Is t.column1 constrained to not null?
select * from t
where t.column1 like '%'
will NOT return rows where t.column1 is NULL, so your transformations are
not relationally equivalent unless there is a not null constraint on
t.column1.
likewise
select * from t where t.column1 like t.column1;
Unless I didn't have enough coffee today, but I think that is correct.
So they are not the same query, but I don't know exactly how the CBO
evaluates that without running a Wolfgang trace.
I suggest you run the Wolfgang trace yourself on a small test set.
Good luck. Quite possibly JL knows this off the top of his head.
mwf
From: oracle-l-bounce@xxxxxxxxxxxxx [mailto:oracle-l-bounce@xxxxxxxxxxxxx]

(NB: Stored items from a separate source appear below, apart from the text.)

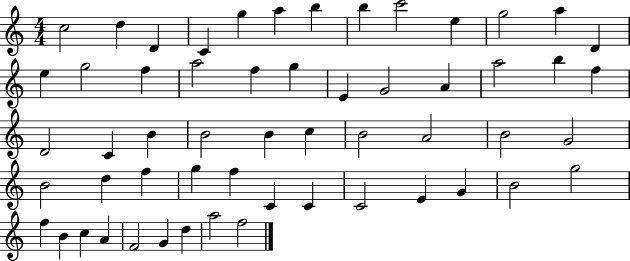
{
  \clef treble
  \numericTimeSignature
  \time 4/4
  \key c \major
  c''2 d''4 d'4 | c'4 g''4 a''4 b''4 | b''4 c'''2 e''4 | g''2 a''4 d'4 | \break e''4 g''2 f''4 | a''2 f''4 g''4 | e'4 g'2 a'4 | a''2 b''4 f''4 | \break d'2 c'4 b'4 | b'2 b'4 c''4 | b'2 a'2 | b'2 g'2 | \break b'2 d''4 f''4 | g''4 f''4 c'4 c'4 | c'2 e'4 g'4 | b'2 g''2 | \break f''4 b'4 c''4 a'4 | f'2 g'4 d''4 | a''2 f''2 | \bar "|."
} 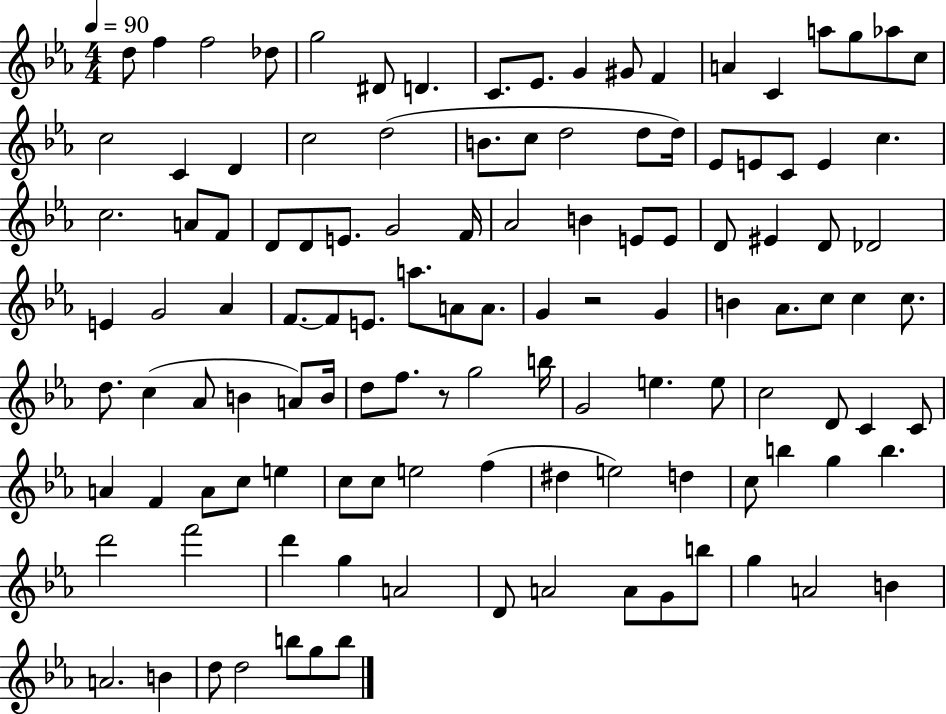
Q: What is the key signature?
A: EES major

On Behalf Of McPeak, Matt (Consultant)
Sent: Thursday, August 22, 2019 1:56 PM
To: oracle-l@xxxxxxxxxxxxx
Subject: Simple question about nvl or-expansion
To the Oracle gurus that dwell here:
I recently came across a query with a predicate containing this line:
AND t.column1 LIKE nvl(:b1,'%')
The query in question performed very poorly when :b1 was null. Changing it
to
AND t.column1 LIKE nvl(:b1,t.column1)
.. improved it immensely and I could see the plan changed to benefit from
nvl or-expansion. Similar variants were all equally effective at fixing the
performance, e.g.:
AND ( t.column1 LIKE :b1 OR :b1 IS NULL )
My question is: what is the reason why Oracle's CBO was not able to use nvl
or-expansion in the original version? Is it just "they didn't implement it
that way"? Or is there something fundamental that makes it impossible?